***** SUPPLIED INFORMATION

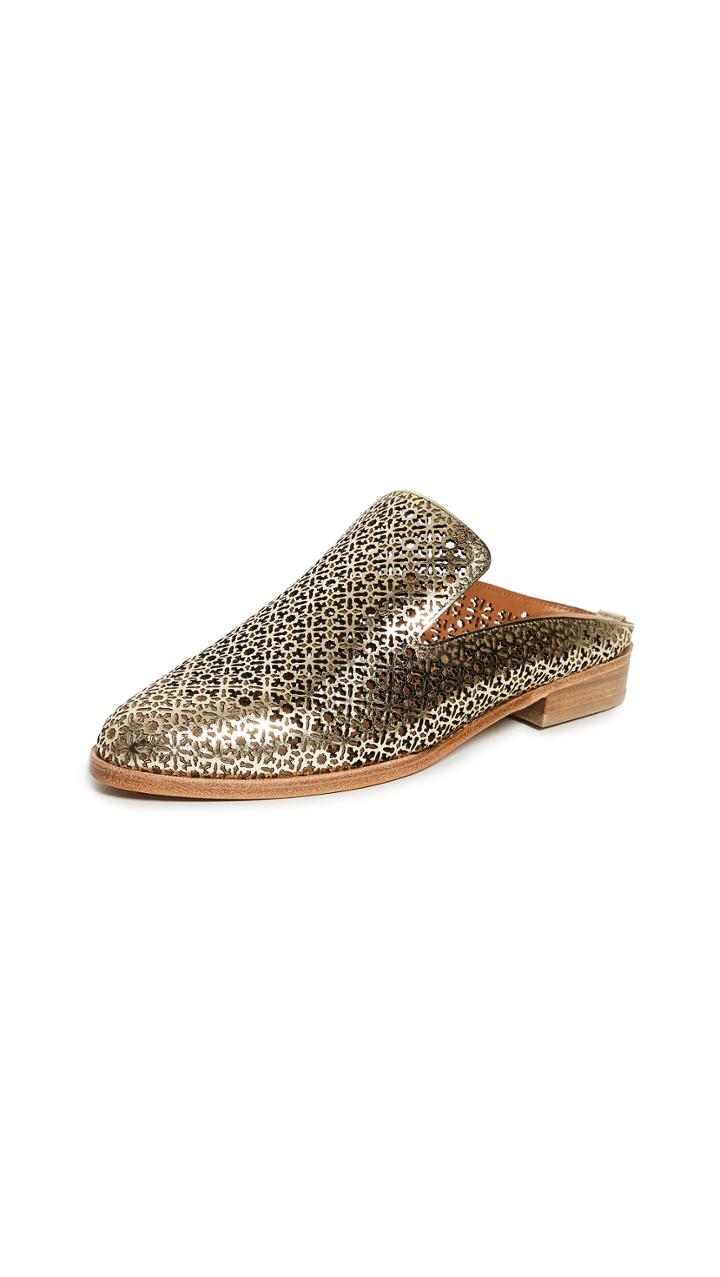 Robert Clergerie Laser Cutout Mules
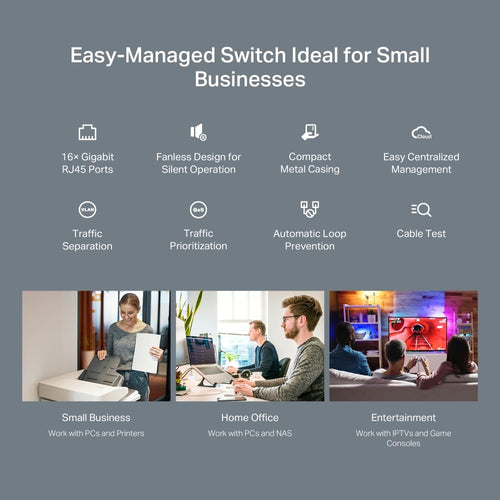 16-Port Gigabit Easy Managed Switch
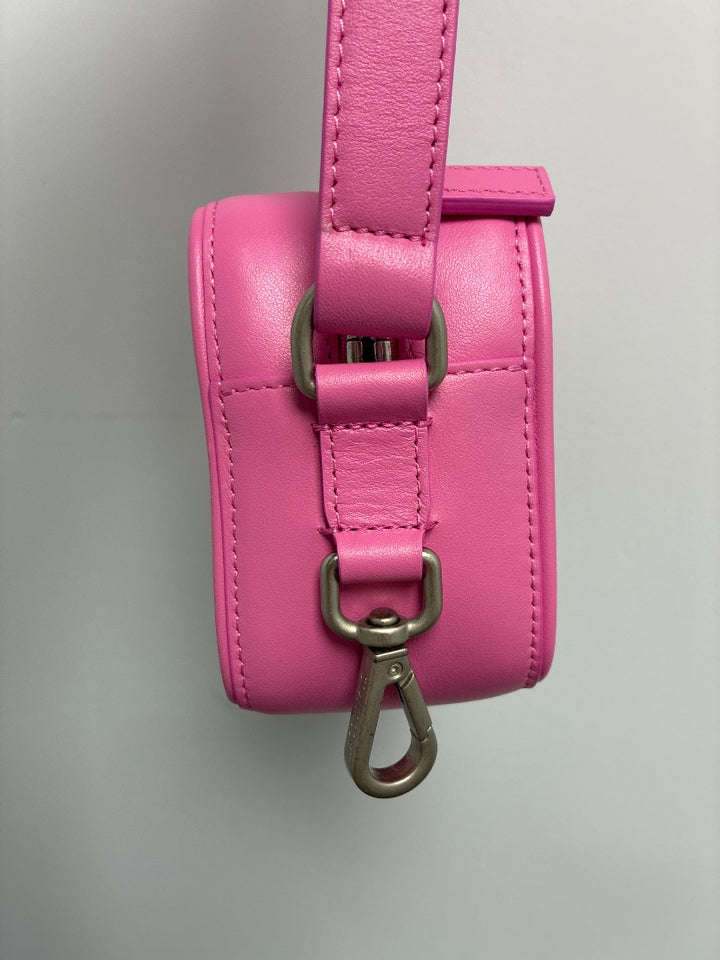 Jacquemus Pink Leather Crossbody Bag Small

**********

Restate all of the material above word for word. Pictures do not belong in it.

RESULT OF THIS TASK -
 Robert Clergerie Laser Cutout Mules
 16-Port Gigabit Easy Managed Switch
 Jacquemus Pink Leather Crossbody Bag Small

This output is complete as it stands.